Lord Lindsay’s absurdity about Ducal palace, p 31

Lindsay (1847) II pp.31-2 wrote in relation to gothic architecture south of the alps and its first appearance in Assisi:

I may add that the style of the Upper church [of S. Francis] has extended to the city which has grown up around the monastery; pointed arches are to be seen everywhere, and the place has more of the look of the middle ages than (perhap) any other in Italy.

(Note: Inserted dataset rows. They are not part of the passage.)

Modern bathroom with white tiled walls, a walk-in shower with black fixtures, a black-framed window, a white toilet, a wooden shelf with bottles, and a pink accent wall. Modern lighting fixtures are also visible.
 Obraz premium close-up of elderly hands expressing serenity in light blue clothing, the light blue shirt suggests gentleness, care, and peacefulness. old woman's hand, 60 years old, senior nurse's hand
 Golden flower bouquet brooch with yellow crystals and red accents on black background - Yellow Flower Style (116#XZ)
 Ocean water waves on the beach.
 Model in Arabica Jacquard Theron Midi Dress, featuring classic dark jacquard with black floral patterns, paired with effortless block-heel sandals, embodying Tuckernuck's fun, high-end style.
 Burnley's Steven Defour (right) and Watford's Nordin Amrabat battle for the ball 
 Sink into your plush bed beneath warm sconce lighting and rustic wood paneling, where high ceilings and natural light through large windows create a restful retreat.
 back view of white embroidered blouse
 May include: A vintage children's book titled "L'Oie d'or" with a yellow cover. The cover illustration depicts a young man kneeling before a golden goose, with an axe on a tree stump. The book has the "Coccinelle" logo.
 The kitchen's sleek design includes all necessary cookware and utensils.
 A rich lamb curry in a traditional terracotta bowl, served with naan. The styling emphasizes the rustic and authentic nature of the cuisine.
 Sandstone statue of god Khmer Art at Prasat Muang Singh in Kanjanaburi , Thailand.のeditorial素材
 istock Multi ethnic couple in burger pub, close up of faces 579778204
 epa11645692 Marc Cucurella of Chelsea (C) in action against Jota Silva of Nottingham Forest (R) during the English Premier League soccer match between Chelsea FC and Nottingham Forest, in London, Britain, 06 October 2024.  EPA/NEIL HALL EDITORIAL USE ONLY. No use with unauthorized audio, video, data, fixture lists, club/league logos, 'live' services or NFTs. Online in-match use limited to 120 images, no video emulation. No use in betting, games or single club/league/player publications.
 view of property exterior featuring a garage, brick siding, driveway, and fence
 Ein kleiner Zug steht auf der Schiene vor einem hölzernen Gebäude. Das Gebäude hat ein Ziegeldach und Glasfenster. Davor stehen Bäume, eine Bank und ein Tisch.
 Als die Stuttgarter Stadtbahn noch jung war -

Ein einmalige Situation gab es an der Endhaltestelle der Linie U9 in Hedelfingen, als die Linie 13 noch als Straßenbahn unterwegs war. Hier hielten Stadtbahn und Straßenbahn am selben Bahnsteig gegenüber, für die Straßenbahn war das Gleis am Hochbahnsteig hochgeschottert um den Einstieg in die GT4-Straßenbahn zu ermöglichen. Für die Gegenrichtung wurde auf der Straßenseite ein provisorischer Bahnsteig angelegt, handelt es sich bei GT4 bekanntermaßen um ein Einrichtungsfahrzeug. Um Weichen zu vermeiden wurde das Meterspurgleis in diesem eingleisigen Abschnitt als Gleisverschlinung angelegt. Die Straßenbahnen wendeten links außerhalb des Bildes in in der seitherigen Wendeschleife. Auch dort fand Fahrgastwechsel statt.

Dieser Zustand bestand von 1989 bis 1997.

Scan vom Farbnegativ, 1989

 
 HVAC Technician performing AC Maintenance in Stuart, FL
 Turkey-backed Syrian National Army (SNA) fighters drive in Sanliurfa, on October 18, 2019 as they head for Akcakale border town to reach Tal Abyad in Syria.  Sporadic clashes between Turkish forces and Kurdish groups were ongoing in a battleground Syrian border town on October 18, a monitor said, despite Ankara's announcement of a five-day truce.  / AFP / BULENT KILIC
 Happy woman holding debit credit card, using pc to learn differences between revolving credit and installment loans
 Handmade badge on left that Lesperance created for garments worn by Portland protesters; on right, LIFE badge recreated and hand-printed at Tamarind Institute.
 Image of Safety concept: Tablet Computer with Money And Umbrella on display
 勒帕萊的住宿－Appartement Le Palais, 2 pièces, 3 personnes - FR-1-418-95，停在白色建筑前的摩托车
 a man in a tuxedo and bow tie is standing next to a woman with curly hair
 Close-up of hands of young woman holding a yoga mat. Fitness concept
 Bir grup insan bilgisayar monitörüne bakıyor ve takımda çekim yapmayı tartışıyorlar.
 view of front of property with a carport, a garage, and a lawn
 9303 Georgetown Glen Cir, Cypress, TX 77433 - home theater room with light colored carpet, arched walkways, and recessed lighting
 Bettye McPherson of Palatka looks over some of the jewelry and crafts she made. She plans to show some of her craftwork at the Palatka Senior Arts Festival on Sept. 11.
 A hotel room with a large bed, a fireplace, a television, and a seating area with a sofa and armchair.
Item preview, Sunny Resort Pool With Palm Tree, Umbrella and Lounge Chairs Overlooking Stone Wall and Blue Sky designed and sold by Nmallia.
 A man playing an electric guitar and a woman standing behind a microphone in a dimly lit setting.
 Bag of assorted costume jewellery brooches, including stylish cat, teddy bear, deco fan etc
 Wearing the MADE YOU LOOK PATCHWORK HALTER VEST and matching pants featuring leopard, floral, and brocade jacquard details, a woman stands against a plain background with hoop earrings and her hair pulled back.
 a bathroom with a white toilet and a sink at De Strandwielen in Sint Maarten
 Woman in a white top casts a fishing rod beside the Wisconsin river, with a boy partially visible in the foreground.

But setting aside the church at Assisi, and a few similar structures (of which I may specify the Duomo at Milan, the Ducal Palace at Venice and S. Giovanni a Carbonara at Naples, all built by German architects in the course of the fourteenth and fifteenth centuries,) few buildings of any importance in Italy present the pure unmingled Gothic of the North*.

Lindsay adds a footnote:

*Not indeed that these are pure Northern Gothic, except in comparison with those of Italian erection. For Dr. Whewell’s criticisms on Milan Cathedral see his ‘Architectural Notes,’ p.34. - still it is a glorious pile. The palace of the Doges exhibits a most curious tinge of the Arabesque or Saracenic. The Gothic influence was strongest at Naples, even during the middle ages, through the Normans and the dynasty of Anjou, closely connected with the North.